Last reviewed: June 2017
Author
September 21, 1947
Portland, Maine
Stephen Edwin King is one of the most influential American writers of horror fiction of the latter half of the twentieth century; he is certainly the most popular. He was born in Portland, Maine, on September 21, 1947, to Donald and Ruth King. He graduated from the University of Maine in 1970 and married Tabitha Spruce in 1971; King and his family settled in Maine. Before achieving his position as the dean of American horror fiction, King supported his family by working as a janitor, in a laundry, and in a knitting mill. He later taught high school English and was writer-in-residence at the University of Maine at Orono from 1978 to 1979.

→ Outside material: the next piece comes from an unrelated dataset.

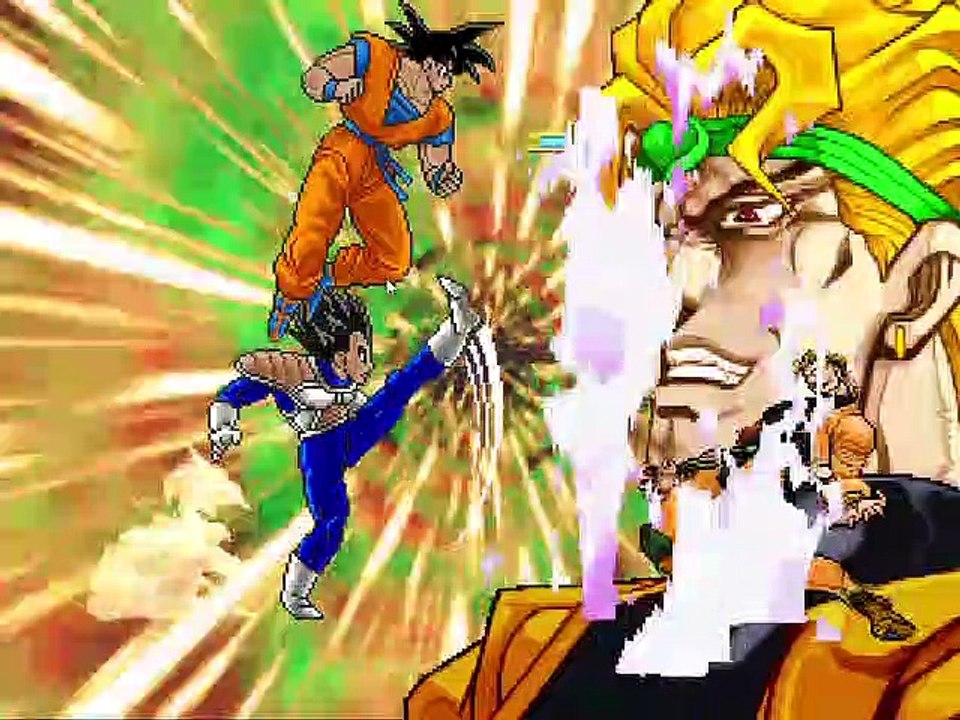 IKEMEN GO:Goku (Me) and Vegeta vs DIO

King’s first novel, Carrie, was an immediate hit and was made into a 1976 film starring Sissy Spacek. From this first novel King established himself as a master of horror, but with the blood and terror operating on a controlled level during most of the story. This repressed mayhem and terror actually adds to, rather than diffuses, the general sense of dread experienced by readers. In Carrie King also takes up a theme that will recur in most of his later fiction: horror on the home front. Rather than sending his readers to exotic, unreal lands to meet demons and monsters, King prefers to let the terrors out of the kitchen cupboard; his horrors spring from the everyday lives of common people. This matter-of-factness and almost mundane quality enhance the shock value of the horrors once they begin to occur. For example, in Carrie, the psychokinetic vengeance that the unhappy Carrie unleashes on her tormentors at her high school’s spring ball is released because she has been the butt of their ridicule for a long time. When she reaches her breaking point, all hell literally breaks loose. Stephen King at the Harvard Book Store.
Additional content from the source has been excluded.